世界一危険な湖と言われるアフリカの「ヴィクトリア湖」、世界第3位の広さを誇るこの美しい湖では、なんと毎年約5000人が命を落としていると報告されています。
ただの自然現象では片づけられないその背景には、思わず「なるほど…」と唸る深刻な問題が隠されていました。
今回は、ヴィクトリア湖が「死の湖」と恐れられる3つの理由を紹介します。
赤道直下の自然環境がもたらす死の嵐

ヴィクトリア湖は、アフリカ東部のウガンダ・タンザニア・ケニアにまたがり、約7万平方キロメートルという巨大な面積を誇ります。
これは琵琶湖の100倍以上であり、淡水湖としては世界で2番目に大きいスケールです。
この広大な湖が危険視される最大の理由の一つが、突発的な悪天候による船の転覆事故です。
ヴィクトリア湖は赤道直下に位置するため水温が高く、対流活動が活発で大量の雲が発生しやすい環境にあります。
その結果、突然の雷雨や突風を伴う嵐が湖面で多発し、穏やかだった天候が出航後すぐに豹変することも珍しくありません。
ウガンダの気象学者によると、こうした嵐は「ヴィクトリア湖特有の気象現象」とされ、局地的かつ急激な悪化が特徴です。
漁業や日常の移動にボートを利用する人々にとって、天候の急変は命に直結する脅威、特に高波や突風によって老朽化した船は容易に転覆してしまいます。
貧困とインフラ未整備の現実
もう一つの重大な要因は、安全対策が全く追いついていない地域事情です。
ヴィクトリア湖周辺の多くの住民は、漁業や運搬で生計を立てていますが、深刻な貧困層が多数を占めています。
彼らはボロボロの手作り船や中古のボートを使い、ライフジャケットすら買う余裕がありません。
そのため、ひとたび事故が起きれば、救命措置が機能せず即座に命を落とすことが多いのです。
さらに致命的なのは、通信インフラの脆弱さです。
携帯電波が届かないエリアも多く、事故が発生しても救助要請ができず助けを呼ぶ手段がないという現実があります。
現地当局によると、湖の沖合で事故が発生した場合ほとんどの人が溺死または病死する結果になっています。
衛生状況も悪く、湖水には寄生虫や病原菌も多く含まれており、事故で水を飲んでしまったり感染症にかかって命を落とす例も少なくありません。
生態系崩壊がもたらした二次被害と事故の連鎖
ヴィクトリア湖の危険性には生態系の破壊という背景も関係しています。
1950年代、漁業資源の回復を目的として、当時のイギリス植民地政府が外来種のナイルパーチ(オオクチスズキ類)を湖に導入しました。

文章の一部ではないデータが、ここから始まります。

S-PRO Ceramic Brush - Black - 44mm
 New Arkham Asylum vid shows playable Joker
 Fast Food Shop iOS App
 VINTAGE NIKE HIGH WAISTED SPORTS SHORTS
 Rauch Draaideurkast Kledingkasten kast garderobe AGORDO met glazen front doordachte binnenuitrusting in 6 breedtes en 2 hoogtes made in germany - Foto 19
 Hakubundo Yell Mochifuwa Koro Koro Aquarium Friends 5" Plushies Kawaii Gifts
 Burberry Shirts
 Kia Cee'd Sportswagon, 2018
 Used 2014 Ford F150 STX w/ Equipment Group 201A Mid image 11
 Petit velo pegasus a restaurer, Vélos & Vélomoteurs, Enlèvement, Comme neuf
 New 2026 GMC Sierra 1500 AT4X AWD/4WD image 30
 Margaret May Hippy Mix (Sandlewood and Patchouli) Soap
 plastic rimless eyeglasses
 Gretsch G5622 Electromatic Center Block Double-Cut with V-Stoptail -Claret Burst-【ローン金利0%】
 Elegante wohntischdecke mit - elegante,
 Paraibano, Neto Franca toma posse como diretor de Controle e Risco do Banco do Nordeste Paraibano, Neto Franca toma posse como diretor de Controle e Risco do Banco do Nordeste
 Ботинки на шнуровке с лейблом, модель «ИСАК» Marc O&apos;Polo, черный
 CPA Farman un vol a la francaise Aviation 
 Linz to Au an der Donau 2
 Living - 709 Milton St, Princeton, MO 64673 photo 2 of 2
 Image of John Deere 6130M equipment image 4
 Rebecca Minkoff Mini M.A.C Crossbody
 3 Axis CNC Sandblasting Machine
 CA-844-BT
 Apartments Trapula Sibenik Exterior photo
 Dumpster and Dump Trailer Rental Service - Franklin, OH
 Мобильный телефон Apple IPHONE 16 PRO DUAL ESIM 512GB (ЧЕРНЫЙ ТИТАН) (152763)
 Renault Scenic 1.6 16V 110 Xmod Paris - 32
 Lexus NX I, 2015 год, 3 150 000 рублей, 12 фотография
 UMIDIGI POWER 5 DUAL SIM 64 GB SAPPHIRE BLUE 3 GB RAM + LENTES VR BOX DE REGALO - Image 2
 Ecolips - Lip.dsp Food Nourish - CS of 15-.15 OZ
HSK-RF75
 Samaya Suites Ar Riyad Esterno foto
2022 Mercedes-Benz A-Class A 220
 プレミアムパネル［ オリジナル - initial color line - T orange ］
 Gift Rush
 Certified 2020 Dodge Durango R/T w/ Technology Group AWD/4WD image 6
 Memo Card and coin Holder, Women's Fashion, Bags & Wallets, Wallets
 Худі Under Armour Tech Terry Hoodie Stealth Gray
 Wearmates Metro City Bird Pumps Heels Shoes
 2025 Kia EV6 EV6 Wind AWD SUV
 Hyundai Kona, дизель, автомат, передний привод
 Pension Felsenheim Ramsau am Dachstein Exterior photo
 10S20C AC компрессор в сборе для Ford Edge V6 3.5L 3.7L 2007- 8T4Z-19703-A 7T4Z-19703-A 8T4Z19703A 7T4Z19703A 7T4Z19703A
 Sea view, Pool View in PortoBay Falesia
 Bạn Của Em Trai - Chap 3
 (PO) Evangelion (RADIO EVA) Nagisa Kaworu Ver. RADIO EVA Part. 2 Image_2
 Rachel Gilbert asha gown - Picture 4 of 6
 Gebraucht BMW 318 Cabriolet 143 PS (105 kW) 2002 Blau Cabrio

この魚は肉食性で、もともと湖に生息していた数百種の固有魚類を捕食し生態系は一気に崩壊、その結果、湖には水草(ヒシやウォーターヒヤシンス)が大量発生し、水流が悪化して水質汚濁と寄生虫の繁殖が進みました。
これが前述した病気のリスクとも連動し、湖に落ちた人々が感染症や寄生虫によって死亡する要因となっているのです。
現在は、こうした水草の駆除や衛生状態の改善も試みられていますが、完全な回復には至っていません。
さらに、湖内には80以上の有人島が点在し多くの定期船が航行していることによる、交通量の多さも事故率を押し上げる要因となっています。
まとめ
ヴィクトリア湖は、その壮大な景観と生物多様性から「アフリカの宝」とも呼ばれてきました。
しかし突発的な嵐、貧困による安全装備の欠如、そして生態系の破壊による病原リスクなどにより、年間5000人もの命が失われる過酷な現実があります。
これらが複雑に絡み合い、「世界一危険な湖」と呼ばれるに至ったのです。